Giant Towelettes Launched Into Space

Shipment of specially compressed and dehydrated Klenz towels sent aboard Space Shuttle Discovery for use by U.S. astronauts aboard International Space Station.

TEA, S.D. (AP) -- Oversized moist towelettes that have been helping overseas soldiers freshen up in battlefields devoid of showers have embarked on a more celestial mission.

A shipment of specially compressed and dehydrated Klenz towels hitched a ride aboard Space Shuttle Discovery on Monday for use by U.S. astronauts aboard the International Space Station.

NASA found the South Dakota company while searching the Internet for U.S. hygiene towels similar to what the Russians were sending up to their cosmonauts, said Jessica Fichuk, a NASA project manager.

Astronauts can rip open the foil packages, pour four ounces of water onto the 2-foot-by-3-foot cloths and be ready to clean up within seconds.

"Just like when you are camping, these are what you use when you don't have access to a shower," Fichuk said.

The idea for the "Klenz XXL Shower in a Towel" came to Hartford, S.D.-native Troy Edberg in 1993 while he was a U.S. Marine on patrol in Somalia, where soldiers were struggling to find any available baby wipes to keep clean.

"We'd be out for 10 days without a shower," Edberg said. "We'd have like a wet wipe or something, a little one."

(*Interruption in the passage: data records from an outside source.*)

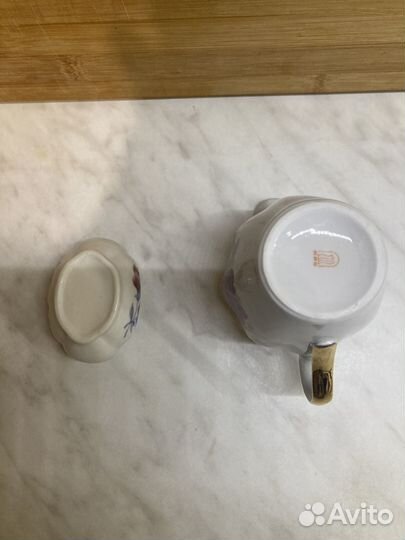 Молочник и для специй СССР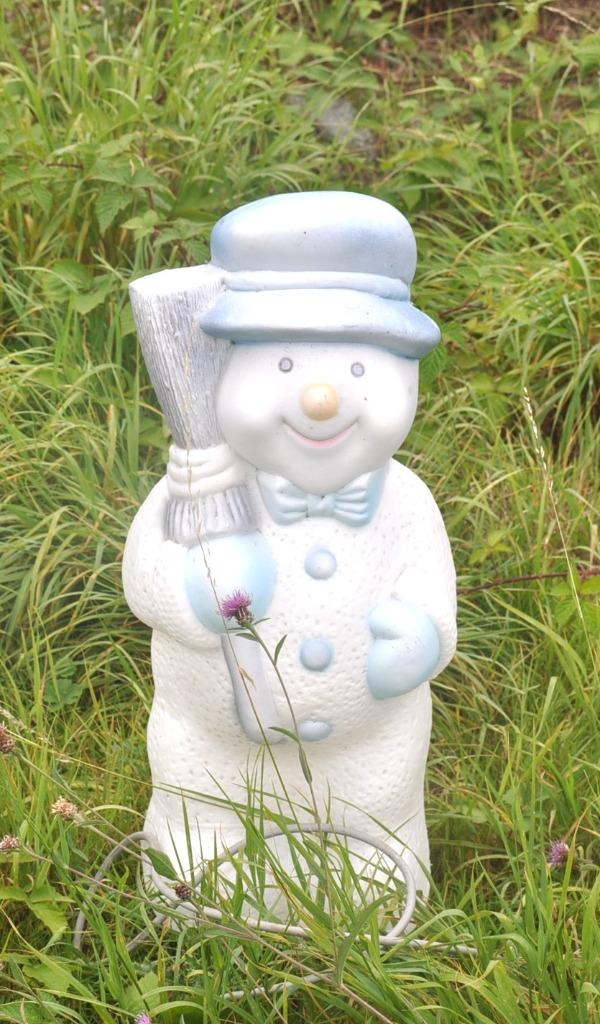 bonhomme de neige de 60cm lumineux, Divers, Enlèvement ou Envoi, Utilisé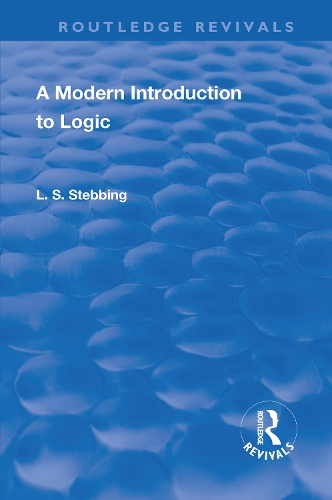 Паперова книга «Revival: A Modern Introduction to Logic (1950)» - фото №1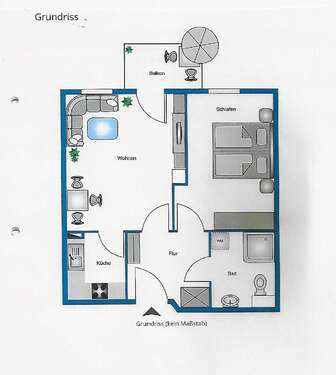 Foto - Wohnung zum Kaufen in Schlangenbad 200.000,00 € 50 m²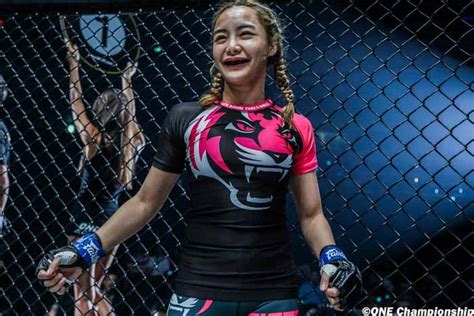 Facts About Rika Ishige Aka Tinydoll Thailand S First Female Mma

Edberg figured it'd make more sense to have one big towel instead of having to burn through 80 smaller ones, but he didn't pursue the idea until 2004 when he pitched it to Vince McCormick, owner of the Hartford, S.D., health and fitness center where he worked out.

McCormick loved the idea, but it took nearly four years to bring the product to the market.

Soldiers told McCormick they wanted something big enough to clean their backs and whole bodies, and they didn't want to be left smelling like a baby or feeling sticky or dry.

"We've got guys out in the desert and stuff," McCormick said. "The last thing we need to do is put alcohol in it and dry them out."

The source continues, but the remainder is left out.